Честно говоря, я не была готова, что мне придется самой искать для себя путь сопротивления, что мы, люди XXI века, окажемся в условиях эскалации грубого насилия, истории жестоких пыток в тюрьмах, бесконечной лжи, когда даже войну нельзя назвать войной, когда нормы гуманизма и чувство защищенности вдруг исчезают и ты оказываешься перед машиной по обесчеловечиванию. Я помню ужас, когда бежала по Москве в отделение полиции за дочерью, и молилась, чтобы к ней не применяли пыток. Это чувство незащищенности и уязвимости – когда тебя обыскивают, ты оставляешь вещи и за тобой закрывается железная дверь отделения полиции. Пришло чувство беспомощности, когда все теоретические знания разбиваются перед твоей физической уязвимостью. Ты можешь сколько угодно читать тексты про сопротивление, но когда дело доходит до тебя, то понимаешь, что не готова «идти на крест». Каким же внутренним стержнем, какой мотивацией обладали люди, которые по несколько раз сидели в тюрьмах, «топтали зону», переживали обыски за активное несогласие с государственной системой? Этот вопрос после начала войны против Украины стал для меня не только академическим. 

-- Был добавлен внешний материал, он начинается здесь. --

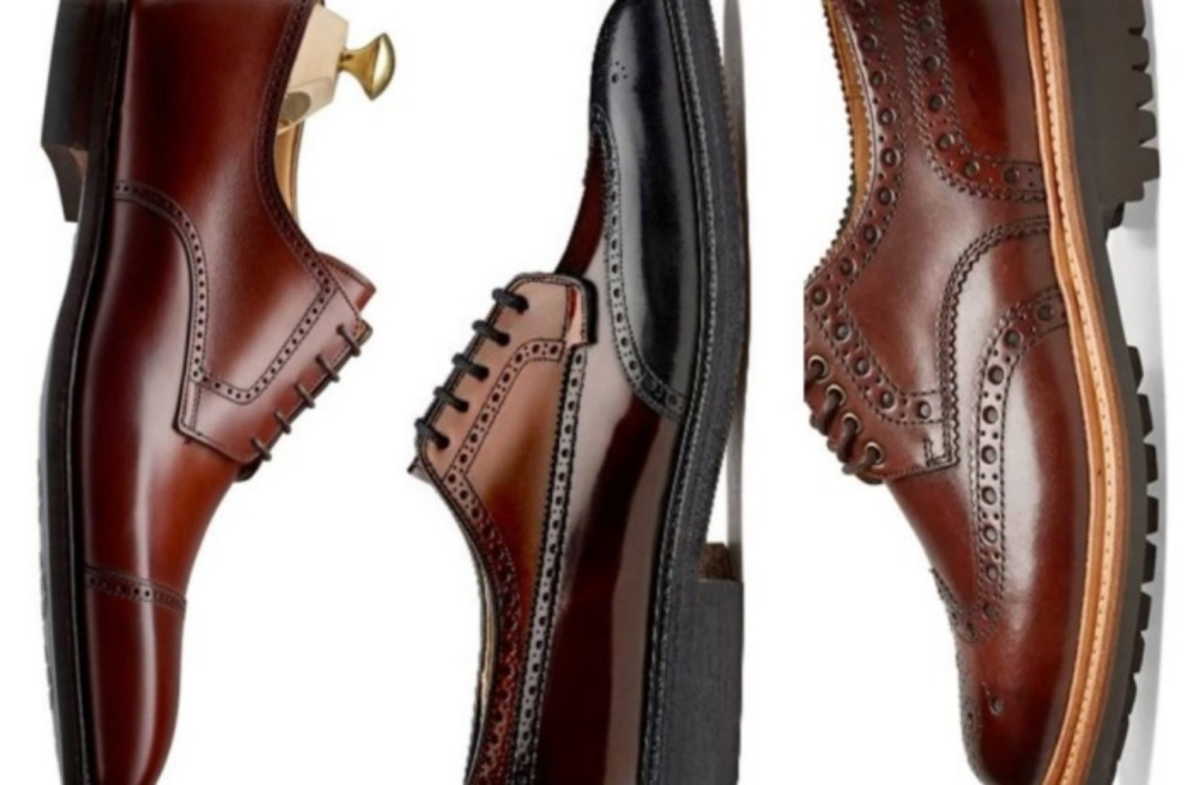 Τα brogues είναι τα παπούτσια που δεν πρέπει να λείπουν από την ντουλάπα σου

В России, Украине, Германии я встречалась и брала интервью у людей, отсидевших за свои религиозные убеждения, кто принимал участие в протестных религиозных движениях, кто привозил контрабандой Библии в СССР. Наверное, нужно больше изучать опыт сопротивления и рассказывать сегодня, чтобы человек знал, что не одинок в своем выборе, что существуют разные модели, разные спектры сопротивления.

Недавно я общалась с москвичкой, моей ровесницей, мамой 6-х детей. Она придумала свою форму протеста: ходить с антивоенной символикой (наклейки на рюкзаке, шарфики) по городу. Другая женщина мне рассказала, что красила пасхальные яйца в цвета украинского флага. Такой опыт тихого ненасильственного внутреннего несогласия, разномыслия важен и про него надо говорить.  Не менее важно говорить и про украинцев, которые отказываются принимать участие в войне с оружием в руках. Это табуированная тема пока. Я мечтаю после того, как закончится война, написать материал о таких людях, которые, будучи украинскими патриотами, не брали оружие и находили разные способы служения страдающим людям. Отказники – неудобные люди, они со всех сторон под давлением. Такие люди, взявшие на себя крест отказа от насилия, – для меня герои в квадрате.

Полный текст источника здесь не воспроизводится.